> TASK OBJECTIVE
Using the records below, write out again exactly the lines that begin at the line containing "Máy sấy thông" and end at the line containing "GHANAIANs🇬🇭 ARREST NIGERIANS🇳🇬", and no other lines.

> Short text fragments from websites
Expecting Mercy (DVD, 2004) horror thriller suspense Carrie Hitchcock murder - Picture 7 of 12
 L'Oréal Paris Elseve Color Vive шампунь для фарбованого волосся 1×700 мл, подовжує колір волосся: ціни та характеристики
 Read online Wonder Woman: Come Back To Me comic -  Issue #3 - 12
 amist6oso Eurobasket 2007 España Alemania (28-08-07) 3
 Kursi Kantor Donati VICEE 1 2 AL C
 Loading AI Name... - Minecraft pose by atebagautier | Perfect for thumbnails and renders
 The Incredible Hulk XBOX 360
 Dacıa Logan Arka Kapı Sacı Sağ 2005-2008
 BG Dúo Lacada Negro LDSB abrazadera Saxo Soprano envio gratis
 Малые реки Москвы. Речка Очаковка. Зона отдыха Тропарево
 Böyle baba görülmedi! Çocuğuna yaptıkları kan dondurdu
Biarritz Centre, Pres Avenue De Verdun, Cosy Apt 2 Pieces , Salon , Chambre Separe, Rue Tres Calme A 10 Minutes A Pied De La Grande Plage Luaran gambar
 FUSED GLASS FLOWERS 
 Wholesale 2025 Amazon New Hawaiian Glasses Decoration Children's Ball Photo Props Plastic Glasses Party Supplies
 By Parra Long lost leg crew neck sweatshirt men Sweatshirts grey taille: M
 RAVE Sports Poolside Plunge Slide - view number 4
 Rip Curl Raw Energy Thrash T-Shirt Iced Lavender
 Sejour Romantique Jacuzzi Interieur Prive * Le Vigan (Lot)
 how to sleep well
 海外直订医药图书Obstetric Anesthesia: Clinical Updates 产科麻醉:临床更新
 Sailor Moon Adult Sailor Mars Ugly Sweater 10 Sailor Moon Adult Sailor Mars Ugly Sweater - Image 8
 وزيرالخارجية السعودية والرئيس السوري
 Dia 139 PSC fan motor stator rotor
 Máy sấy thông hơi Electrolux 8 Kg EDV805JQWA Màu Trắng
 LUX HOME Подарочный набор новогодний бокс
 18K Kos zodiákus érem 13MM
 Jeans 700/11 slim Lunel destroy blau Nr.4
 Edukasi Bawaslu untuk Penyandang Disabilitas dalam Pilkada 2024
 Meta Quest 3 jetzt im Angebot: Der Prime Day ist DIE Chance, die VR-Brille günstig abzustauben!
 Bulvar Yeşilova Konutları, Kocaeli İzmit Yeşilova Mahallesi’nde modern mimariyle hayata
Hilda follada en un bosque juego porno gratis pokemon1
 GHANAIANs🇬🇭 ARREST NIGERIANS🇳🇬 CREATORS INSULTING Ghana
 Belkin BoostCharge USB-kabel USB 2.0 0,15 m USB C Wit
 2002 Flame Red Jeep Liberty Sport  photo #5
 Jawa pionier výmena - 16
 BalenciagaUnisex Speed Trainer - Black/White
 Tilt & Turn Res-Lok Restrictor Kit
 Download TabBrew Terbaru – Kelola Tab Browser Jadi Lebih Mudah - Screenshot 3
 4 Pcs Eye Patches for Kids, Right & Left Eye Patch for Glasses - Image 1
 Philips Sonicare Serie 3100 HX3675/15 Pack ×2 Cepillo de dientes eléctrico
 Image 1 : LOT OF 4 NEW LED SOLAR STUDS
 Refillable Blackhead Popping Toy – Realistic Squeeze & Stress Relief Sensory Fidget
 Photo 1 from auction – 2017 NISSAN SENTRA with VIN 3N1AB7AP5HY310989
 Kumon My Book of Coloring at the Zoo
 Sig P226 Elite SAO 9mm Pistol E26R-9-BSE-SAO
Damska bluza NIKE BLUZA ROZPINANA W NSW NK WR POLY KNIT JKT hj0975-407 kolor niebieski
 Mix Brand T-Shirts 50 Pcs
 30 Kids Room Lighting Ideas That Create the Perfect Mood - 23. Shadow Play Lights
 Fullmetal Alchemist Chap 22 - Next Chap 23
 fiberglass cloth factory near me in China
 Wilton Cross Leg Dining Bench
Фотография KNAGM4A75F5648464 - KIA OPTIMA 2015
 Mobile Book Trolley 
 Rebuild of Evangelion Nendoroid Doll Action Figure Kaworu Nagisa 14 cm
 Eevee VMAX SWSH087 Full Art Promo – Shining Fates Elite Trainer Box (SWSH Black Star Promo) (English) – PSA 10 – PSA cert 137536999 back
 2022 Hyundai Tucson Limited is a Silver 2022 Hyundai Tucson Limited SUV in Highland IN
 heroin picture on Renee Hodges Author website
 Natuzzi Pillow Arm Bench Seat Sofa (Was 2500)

> EXERCISE RESULT
 Máy sấy thông hơi Electrolux 8 Kg EDV805JQWA Màu Trắng
 LUX HOME Подарочный набор новогодний бокс
 18K Kos zodiákus érem 13MM
 Jeans 700/11 slim Lunel destroy blau Nr.4
 Edukasi Bawaslu untuk Penyandang Disabilitas dalam Pilkada 2024
 Meta Quest 3 jetzt im Angebot: Der Prime Day ist DIE Chance, die VR-Brille günstig abzustauben!
 Bulvar Yeşilova Konutları, Kocaeli İzmit Yeşilova Mahallesi’nde modern mimariyle hayata
Hilda follada en un bosque juego porno gratis pokemon1
 GHANAIANs🇬🇭 ARREST NIGERIANS🇳🇬 CREATORS INSULTING Ghana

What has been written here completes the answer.